# WHAT YOU HAVE TO DO:
From the line containing "A bustling marketplace" through the last line below, copy every line exactly, leaving out the pictures.

··· STORED DATA

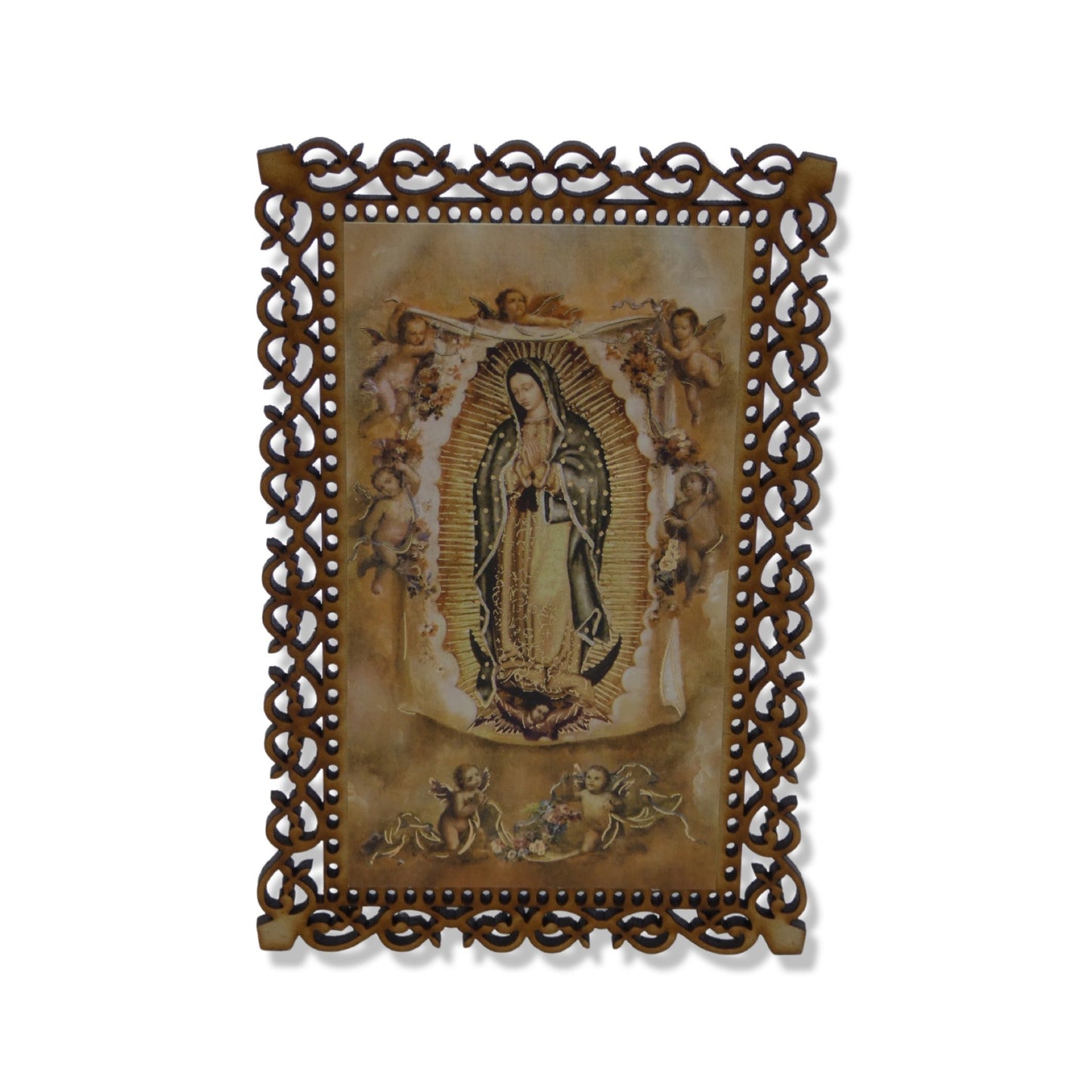 Wood Carved Guadalupe Tilma Image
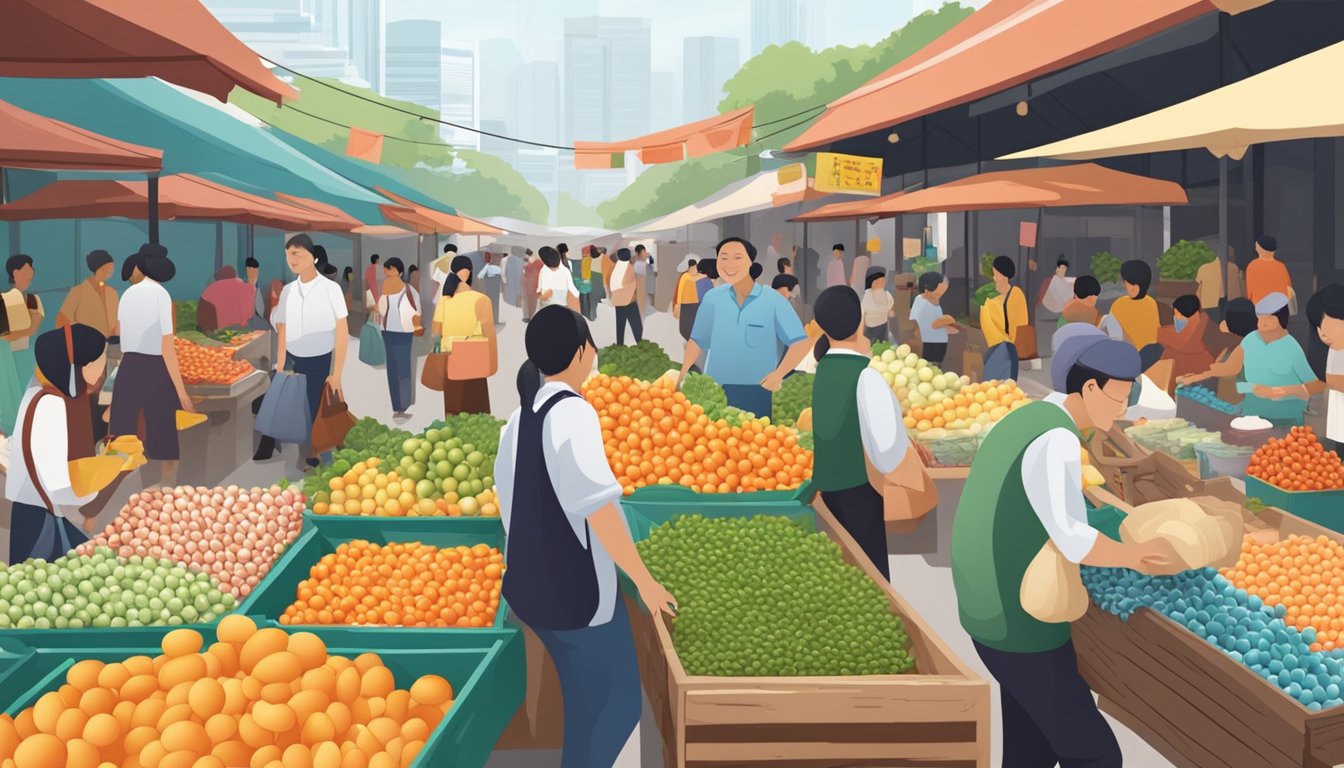 A bustling marketplace with colorful stalls selling fresh produce, including a prominent display of duck eggs, in Singapore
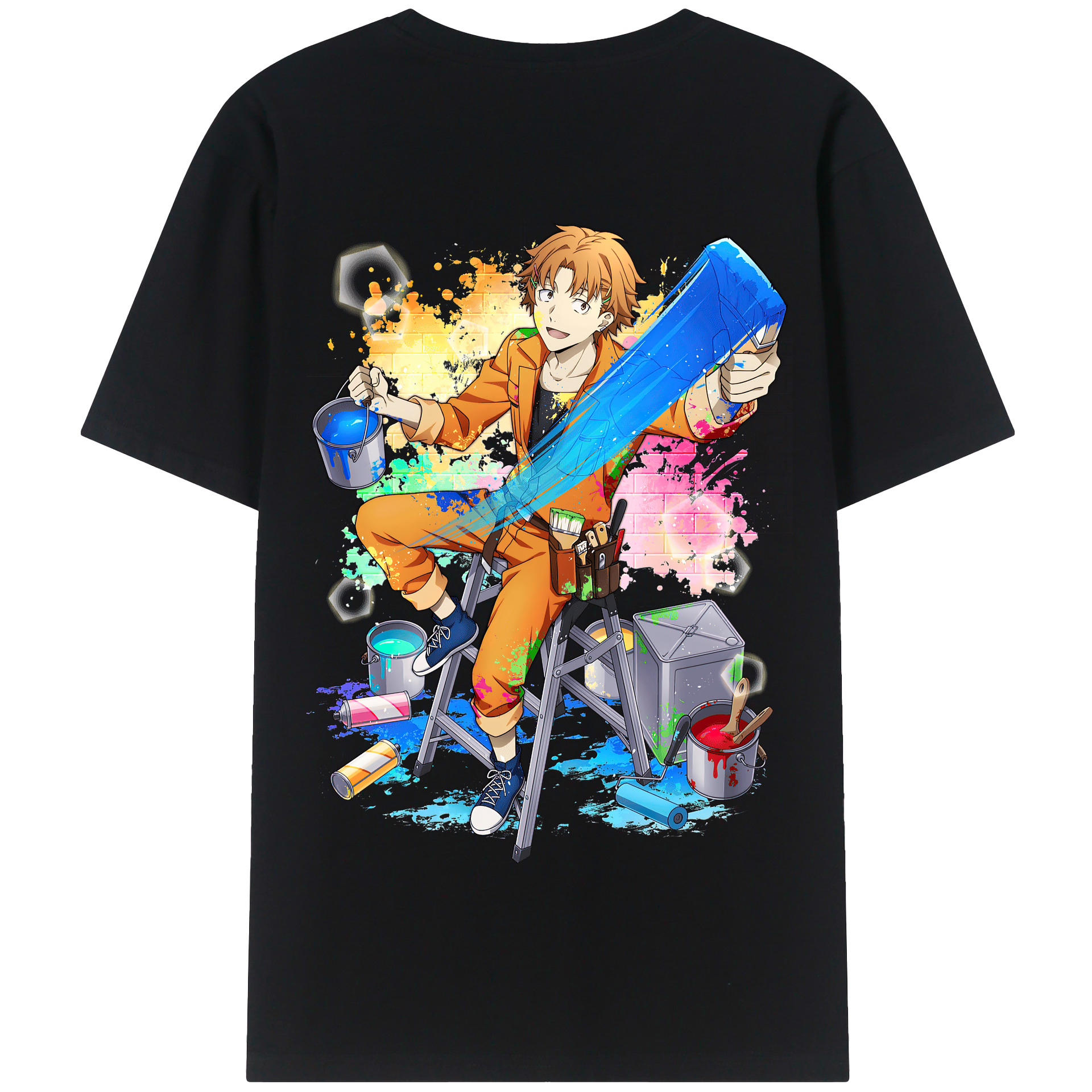（画像用） 文豪ストレイドッグス Bungo Stray Dogs 綿100％半袖Tシャツ（背面プリント）
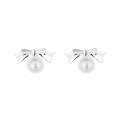 wholesale S925 Sterling Silver Korean Style Da Dongmen Creative Bow Pearl Ear Studs, Ins Versatile and Elegant Earrings-0-5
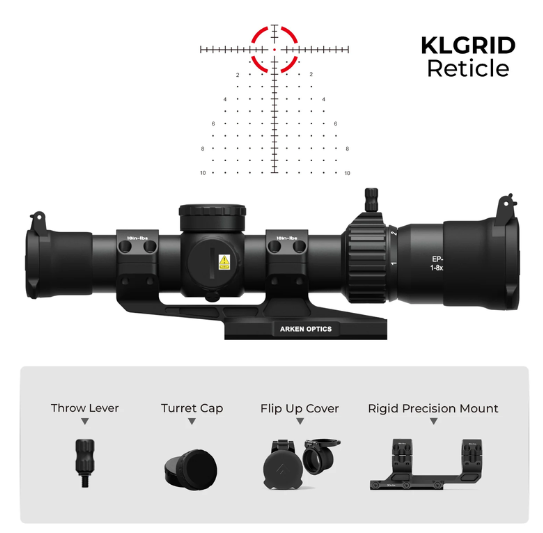 Arken EP-8 LPVO 1-8x28 KLGRID MIL Montage sowie Flip Caps im Lieferumfang – Bild 1
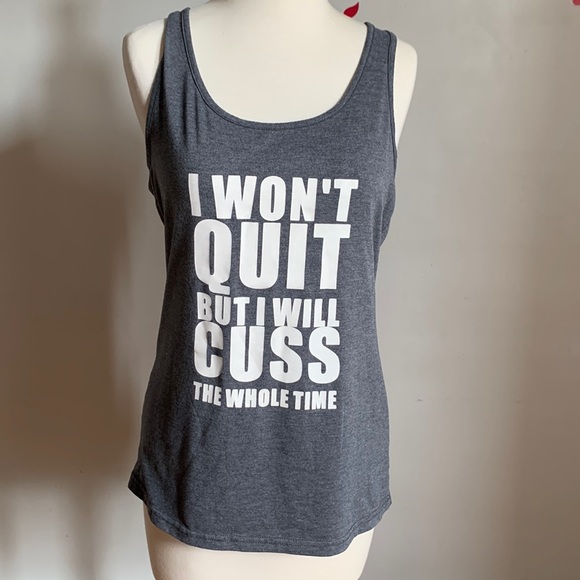 Gray Racerback Tank Top T Shirt I Will Cuss The Whole Time! - Picture 1 of 9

······

# RESULT FOR THIS EXERCISE:
 A bustling marketplace with colorful stalls selling fresh produce, including a prominent display of duck eggs, in Singapore
（画像用） 文豪ストレイドッグス Bungo Stray Dogs 綿100％半袖Tシャツ（背面プリント）
 wholesale S925 Sterling Silver Korean Style Da Dongmen Creative Bow Pearl Ear Studs, Ins Versatile and Elegant Earrings-0-5
 Arken EP-8 LPVO 1-8x28 KLGRID MIL Montage sowie Flip Caps im Lieferumfang – Bild 1
 Gray Racerback Tank Top T Shirt I Will Cuss The Whole Time! - Picture 1 of 9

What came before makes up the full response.